A new study suggest that long-term use of potent acid-suppressing drugs (PPIs) may increase the risk of chronic kidney disease without much warning.

Millions of people take prescription-strength acid-suppressing medications daily. Millions more take over-the-counter versions. A new study suggests that such PPI heartburn drugs may trigger serious kidney disease without a lot of advance warning. When kidneys fail, the situation can rapidly become  life threatening.

What Drugs Are Under Scrutiny:

PPIs, or proton pump inhibitors, are sold under names such as dexlansoprazole (Dexilant), esomeprazole (Nexium and Nexium 24HR), lansoprazole (Prevacid and Prevacid 24HR), omeprazole (Prilosec and Prilosec OTC), pantoprazole (Protonix) and rabeprazole (AcipHex). We have known for over a decade that this class of medicines was linked to what doctors call acute kidney injury (AKI). This condition can come on suddenly. Australian researchers alerted their colleagues in the journal Clinical Gastroenterology and Hepatology (May, 2006) that there was a problem:

“Proton pump inhibitors (PPIs) are a widely prescribed class of drugs, and their usage worldwide is increasing. Although well-tolerated, there have been case reports and a recent case series implicating these drugs in acute interstitial nephritis (AIN) and progression to acute renal failure (ARF).”

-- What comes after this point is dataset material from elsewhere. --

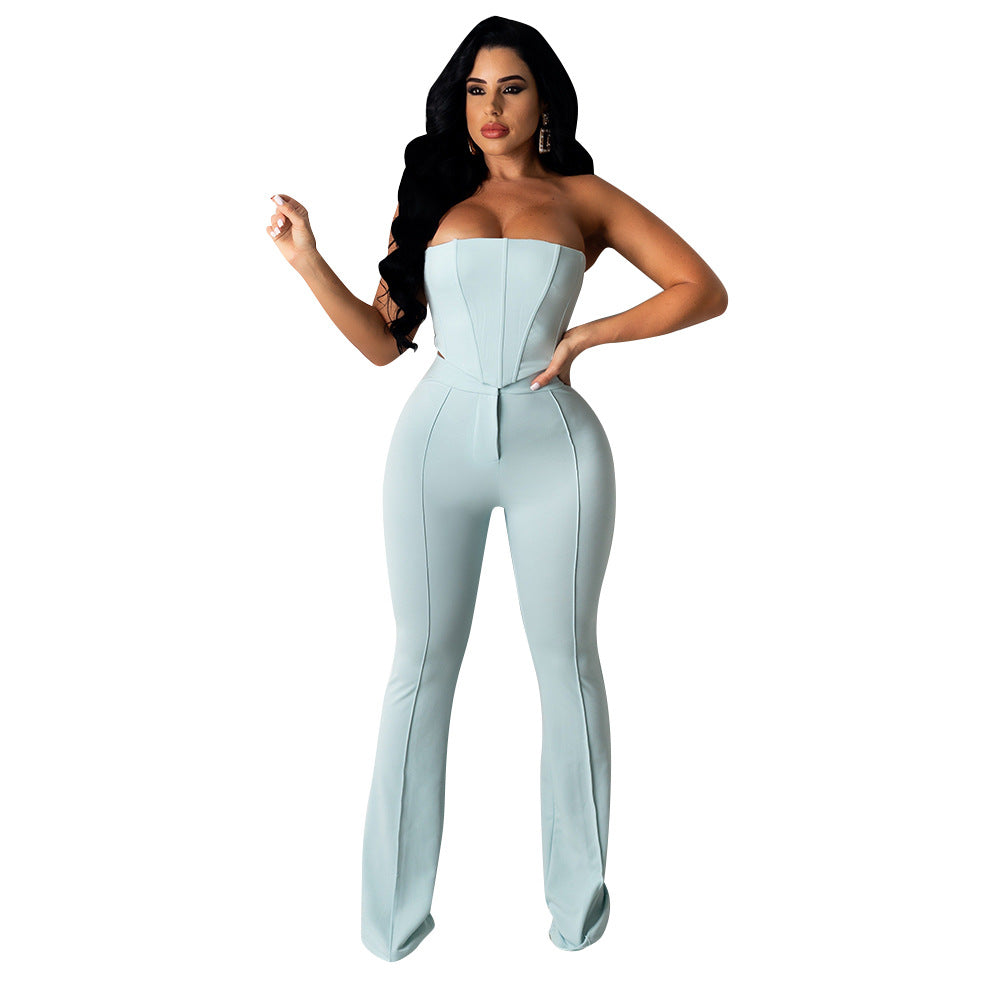 outfit New Sexy Tube Top off-Shoulder Bright Line Decoration Slim Flared Pants Nightclub Suit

What Are the Symptoms of Acute Kidney Injury?

When kidneys are damaged because of hemorrhage, very low blood pressure, really bad diarrhea, heart failure, severe burns, major surgery or overuse of NSAID-type pain relievers, there are symptoms to watch out for. They may include:

Reduced urine flow
Edema (fluid retention; swelling of ankles, legs or even around the eyes)
Fatigue or exhaustion
Mental cloudiness or confusion
Difficulty breathing or shortness of breath
Digestive distress
In severe cases, people may go into coma.

Some or all of these symptoms can show up during an acute episode of kidney injury. Some people may experience damage to the kidneys without obvious symptoms, until the situation becomes quite grave.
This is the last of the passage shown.